Error when using Lemmatization and Tf- Idf calculation on Twitter data frame in Python


I have a data frame of tweets and I'm trying to calculate Tf-Idf on the lemmatized 'tweet' column. I have a problem with the results of the lemmatization and I'm getting an error when trying to calculate the Tf-Idf.

Below is my code:

w_tokenizer = nltk.tokenize.WhitespaceTokenizer()
lemmatizer=WordNetLemmatizer()

def lemmatize_text(tweet):
    return [lemmatizer.lemmatize(w) for w in w_tokenizer.tokenize(tweet)]

df['tweet_lemmatized'] = df['tweet'].apply(lemmatize_text)

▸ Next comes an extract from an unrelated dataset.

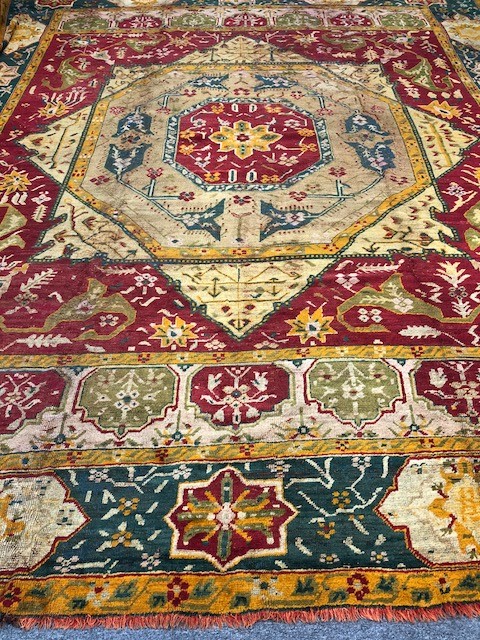 ANTIQUE OUSHACK CARPET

This is an example of the data frame with the new column 'tweet_lemmatized':

  target       tweet_lemmatized
    0        [believe, department, year, released, hoping]
    1        [huge, expected, tomorrow, night, beginning]

It didn't work well because there are words like 'hoping', 'beginning' in the column.

My first question- How can I improve the lemmatization?

Now I want to calculate the Tf- Idf for this column and produce new columns in my data frame with the top words.

This is my code for the Tf-Idf: I want to add the top words to my original data frame 'df'.

from sklearn.feature_extraction.text import TfidfVectorizer, ENGLISH_STOP_WORDS

tfidf= TfidfVectorizer(ngram_range=(1,2), max_features=100,  
       stop_words=ENGLISH_STOP_WORDS).fit(df.tweet_lemmatized)

tfidf_tweet = tfidf.transform(df.tweet_lemmatized)

result=pd.DataFrame(tfidf_tweet.toarray(), columns=tfidf.get_feature_names())

This is the error I got:

AttributeError: 'list' object has no attribute 'lower'

Solution

  • TfidfVectorizer.fit takes string input not list(your df.tweet_lemmatized data should contain strings not lists). For the better lemmatization, you can use nltk.pos_tag to get parts of speech and then lemmatize words based on their tag, for example:

    lemmatizer.lemmatize(word, 'v')
    

    This way it will lemmatize word considering it is a verb.